### Dataset entries
- - - - -

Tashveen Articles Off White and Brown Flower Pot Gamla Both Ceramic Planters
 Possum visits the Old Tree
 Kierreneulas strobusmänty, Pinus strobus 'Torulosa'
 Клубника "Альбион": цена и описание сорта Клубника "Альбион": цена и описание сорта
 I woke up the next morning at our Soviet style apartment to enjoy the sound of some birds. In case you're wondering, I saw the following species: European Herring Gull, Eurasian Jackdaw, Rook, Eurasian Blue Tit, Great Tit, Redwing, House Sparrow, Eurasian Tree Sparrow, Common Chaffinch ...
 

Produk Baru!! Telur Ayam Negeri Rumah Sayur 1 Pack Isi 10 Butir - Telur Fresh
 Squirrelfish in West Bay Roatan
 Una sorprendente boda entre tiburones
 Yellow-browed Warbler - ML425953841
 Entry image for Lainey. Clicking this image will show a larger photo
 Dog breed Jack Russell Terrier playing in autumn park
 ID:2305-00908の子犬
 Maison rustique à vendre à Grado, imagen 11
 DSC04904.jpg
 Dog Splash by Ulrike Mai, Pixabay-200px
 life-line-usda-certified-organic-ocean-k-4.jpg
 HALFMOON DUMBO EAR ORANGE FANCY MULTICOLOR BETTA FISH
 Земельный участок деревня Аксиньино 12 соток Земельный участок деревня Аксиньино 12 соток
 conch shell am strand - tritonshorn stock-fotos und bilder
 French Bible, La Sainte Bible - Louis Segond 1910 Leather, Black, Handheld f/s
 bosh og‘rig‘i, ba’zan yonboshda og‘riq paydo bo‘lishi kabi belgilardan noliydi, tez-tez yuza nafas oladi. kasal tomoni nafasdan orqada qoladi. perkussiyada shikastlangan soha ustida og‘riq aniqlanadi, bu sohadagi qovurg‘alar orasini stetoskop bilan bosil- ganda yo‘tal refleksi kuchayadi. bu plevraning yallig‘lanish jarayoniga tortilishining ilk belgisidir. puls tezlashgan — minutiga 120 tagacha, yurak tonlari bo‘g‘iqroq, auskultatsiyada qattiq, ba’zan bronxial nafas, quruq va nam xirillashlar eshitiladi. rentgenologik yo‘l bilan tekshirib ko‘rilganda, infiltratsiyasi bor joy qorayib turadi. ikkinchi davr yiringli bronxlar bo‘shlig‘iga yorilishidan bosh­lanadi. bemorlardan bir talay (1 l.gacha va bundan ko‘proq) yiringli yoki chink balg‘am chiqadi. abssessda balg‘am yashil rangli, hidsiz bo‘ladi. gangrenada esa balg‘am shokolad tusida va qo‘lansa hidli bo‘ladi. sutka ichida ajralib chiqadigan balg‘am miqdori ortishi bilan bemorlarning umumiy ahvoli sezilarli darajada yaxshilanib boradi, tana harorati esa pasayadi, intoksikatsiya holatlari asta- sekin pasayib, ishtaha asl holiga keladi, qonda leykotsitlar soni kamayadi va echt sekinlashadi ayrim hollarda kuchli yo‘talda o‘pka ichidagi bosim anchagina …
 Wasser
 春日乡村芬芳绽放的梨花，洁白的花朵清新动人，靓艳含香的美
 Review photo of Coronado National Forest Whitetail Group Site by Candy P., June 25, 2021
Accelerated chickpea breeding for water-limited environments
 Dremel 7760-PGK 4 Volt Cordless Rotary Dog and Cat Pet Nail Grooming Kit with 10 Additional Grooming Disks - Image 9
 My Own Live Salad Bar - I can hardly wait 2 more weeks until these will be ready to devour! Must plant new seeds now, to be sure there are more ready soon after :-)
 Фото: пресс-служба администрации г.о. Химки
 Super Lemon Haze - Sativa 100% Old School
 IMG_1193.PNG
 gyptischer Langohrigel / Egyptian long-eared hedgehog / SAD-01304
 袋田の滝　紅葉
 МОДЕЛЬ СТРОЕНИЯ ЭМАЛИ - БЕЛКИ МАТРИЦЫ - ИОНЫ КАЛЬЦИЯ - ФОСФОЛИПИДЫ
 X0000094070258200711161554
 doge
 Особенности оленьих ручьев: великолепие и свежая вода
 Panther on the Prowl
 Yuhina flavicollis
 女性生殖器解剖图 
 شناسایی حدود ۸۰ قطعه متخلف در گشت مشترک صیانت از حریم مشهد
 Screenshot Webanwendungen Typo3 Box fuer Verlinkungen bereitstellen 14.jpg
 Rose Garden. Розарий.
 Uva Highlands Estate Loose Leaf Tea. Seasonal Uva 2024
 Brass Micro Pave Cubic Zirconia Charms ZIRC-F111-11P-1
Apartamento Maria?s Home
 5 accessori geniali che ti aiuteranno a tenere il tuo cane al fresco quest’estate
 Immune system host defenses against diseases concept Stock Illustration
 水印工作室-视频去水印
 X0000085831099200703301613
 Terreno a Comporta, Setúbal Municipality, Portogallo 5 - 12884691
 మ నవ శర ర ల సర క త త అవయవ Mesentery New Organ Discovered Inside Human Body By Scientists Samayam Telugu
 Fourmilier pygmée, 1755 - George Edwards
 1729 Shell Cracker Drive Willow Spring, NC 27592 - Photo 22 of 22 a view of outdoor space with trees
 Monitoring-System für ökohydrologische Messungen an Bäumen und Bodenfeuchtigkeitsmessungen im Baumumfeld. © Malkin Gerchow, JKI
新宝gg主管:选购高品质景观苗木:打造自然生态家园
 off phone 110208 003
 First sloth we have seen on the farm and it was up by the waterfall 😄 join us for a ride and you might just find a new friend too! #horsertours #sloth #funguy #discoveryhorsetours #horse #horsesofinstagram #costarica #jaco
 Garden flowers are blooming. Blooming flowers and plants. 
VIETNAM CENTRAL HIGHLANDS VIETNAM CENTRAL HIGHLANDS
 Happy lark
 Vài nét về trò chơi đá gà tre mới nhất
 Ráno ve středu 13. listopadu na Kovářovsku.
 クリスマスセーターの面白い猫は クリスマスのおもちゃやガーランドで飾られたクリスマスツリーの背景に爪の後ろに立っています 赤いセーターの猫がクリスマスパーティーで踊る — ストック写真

- - - - -

### Problem
Nothing in the data may differ; print all of it exactly as written.

### Reply
Tashveen Articles Off White and Brown Flower Pot Gamla Both Ceramic Planters
 Possum visits the Old Tree
 Kierreneulas strobusmänty, Pinus strobus 'Torulosa'
 Клубника "Альбион": цена и описание сорта Клубника "Альбион": цена и описание сорта
 I woke up the next morning at our Soviet style apartment to enjoy the sound of some birds. In case you're wondering, I saw the following species: European Herring Gull, Eurasian Jackdaw, Rook, Eurasian Blue Tit, Great Tit, Redwing, House Sparrow, Eurasian Tree Sparrow, Common Chaffinch ...
 

Produk Baru!! Telur Ayam Negeri Rumah Sayur 1 Pack Isi 10 Butir - Telur Fresh
 Squirrelfish in West Bay Roatan
 Una sorprendente boda entre tiburones
 Yellow-browed Warbler - ML425953841
 Entry image for Lainey. Clicking this image will show a larger photo
 Dog breed Jack Russell Terrier playing in autumn park
 ID:2305-00908の子犬
 Maison rustique à vendre à Grado, imagen 11
 DSC04904.jpg
 Dog Splash by Ulrike Mai, Pixabay-200px
 life-line-usda-certified-organic-ocean-k-4.jpg
 HALFMOON DUMBO EAR ORANGE FANCY MULTICOLOR BETTA FISH
 Земельный участок деревня Аксиньино 12 соток Земельный участок деревня Аксиньино 12 соток
 conch shell am strand - tritonshorn stock-fotos und bilder
 French Bible, La Sainte Bible - Louis Segond 1910 Leather, Black, Handheld f/s
 bosh og‘rig‘i, ba’zan yonboshda og‘riq paydo bo‘lishi kabi belgilardan noliydi, tez-tez yuza nafas oladi. kasal tomoni nafasdan orqada qoladi. perkussiyada shikastlangan soha ustida og‘riq aniqlanadi, bu sohadagi qovurg‘alar orasini stetoskop bilan bosil- ganda yo‘tal refleksi kuchayadi. bu plevraning yallig‘lanish jarayoniga tortilishining ilk belgisidir. puls tezlashgan — minutiga 120 tagacha, yurak tonlari bo‘g‘iqroq, auskultatsiyada qattiq, ba’zan bronxial nafas, quruq va nam xirillashlar eshitiladi. rentgenologik yo‘l bilan tekshirib ko‘rilganda, infiltratsiyasi bor joy qorayib turadi. ikkinchi davr yiringli bronxlar bo‘shlig‘iga yorilishidan bosh­lanadi. bemorlardan bir talay (1 l.gacha va bundan ko‘proq) yiringli yoki chink balg‘am chiqadi. abssessda balg‘am yashil rangli, hidsiz bo‘ladi. gangrenada esa balg‘am shokolad tusida va qo‘lansa hidli bo‘ladi. sutka ichida ajralib chiqadigan balg‘am miqdori ortishi bilan bemorlarning umumiy ahvoli sezilarli darajada yaxshilanib boradi, tana harorati esa pasayadi, intoksikatsiya holatlari asta- sekin pasayib, ishtaha asl holiga keladi, qonda leykotsitlar soni kamayadi va echt sekinlashadi ayrim hollarda kuchli yo‘talda o‘pka ichidagi bosim anchagina …
 Wasser
 春日乡村芬芳绽放的梨花，洁白的花朵清新动人，靓艳含香的美
 Review photo of Coronado National Forest Whitetail Group Site by Candy P., June 25, 2021
Accelerated chickpea breeding for water-limited environments
 Dremel 7760-PGK 4 Volt Cordless Rotary Dog and Cat Pet Nail Grooming Kit with 10 Additional Grooming Disks - Image 9
 My Own Live Salad Bar - I can hardly wait 2 more weeks until these will be ready to devour! Must plant new seeds now, to be sure there are more ready soon after :-)
 Фото: пресс-служба администрации г.о. Химки
 Super Lemon Haze - Sativa 100% Old School
 IMG_1193.PNG
 gyptischer Langohrigel / Egyptian long-eared hedgehog / SAD-01304
 袋田の滝　紅葉
 МОДЕЛЬ СТРОЕНИЯ ЭМАЛИ - БЕЛКИ МАТРИЦЫ - ИОНЫ КАЛЬЦИЯ - ФОСФОЛИПИДЫ
 X0000094070258200711161554
 doge
 Особенности оленьих ручьев: великолепие и свежая вода
 Panther on the Prowl
 Yuhina flavicollis
 女性生殖器解剖图 
 شناسایی حدود ۸۰ قطعه متخلف در گشت مشترک صیانت از حریم مشهد
 Screenshot Webanwendungen Typo3 Box fuer Verlinkungen bereitstellen 14.jpg
 Rose Garden. Розарий.
 Uva Highlands Estate Loose Leaf Tea. Seasonal Uva 2024
 Brass Micro Pave Cubic Zirconia Charms ZIRC-F111-11P-1
Apartamento Maria?s Home
 5 accessori geniali che ti aiuteranno a tenere il tuo cane al fresco quest’estate
 Immune system host defenses against diseases concept Stock Illustration
 水印工作室-视频去水印
 X0000085831099200703301613
 Terreno a Comporta, Setúbal Municipality, Portogallo 5 - 12884691
 మ నవ శర ర ల సర క త త అవయవ Mesentery New Organ Discovered Inside Human Body By Scientists Samayam Telugu
 Fourmilier pygmée, 1755 - George Edwards
 1729 Shell Cracker Drive Willow Spring, NC 27592 - Photo 22 of 22 a view of outdoor space with trees
 Monitoring-System für ökohydrologische Messungen an Bäumen und Bodenfeuchtigkeitsmessungen im Baumumfeld. © Malkin Gerchow, JKI
新宝gg主管:选购高品质景观苗木:打造自然生态家园
 off phone 110208 003
 First sloth we have seen on the farm and it was up by the waterfall 😄 join us for a ride and you might just find a new friend too! #horsertours #sloth #funguy #discoveryhorsetours #horse #horsesofinstagram #costarica #jaco
 Garden flowers are blooming. Blooming flowers and plants. 
VIETNAM CENTRAL HIGHLANDS VIETNAM CENTRAL HIGHLANDS
 Happy lark
 Vài nét về trò chơi đá gà tre mới nhất
 Ráno ve středu 13. listopadu na Kovářovsku.
 クリスマスセーターの面白い猫は クリスマスのおもちゃやガーランドで飾られたクリスマスツリーの背景に爪の後ろに立っています 赤いセーターの猫がクリスマスパーティーで踊る — ストック写真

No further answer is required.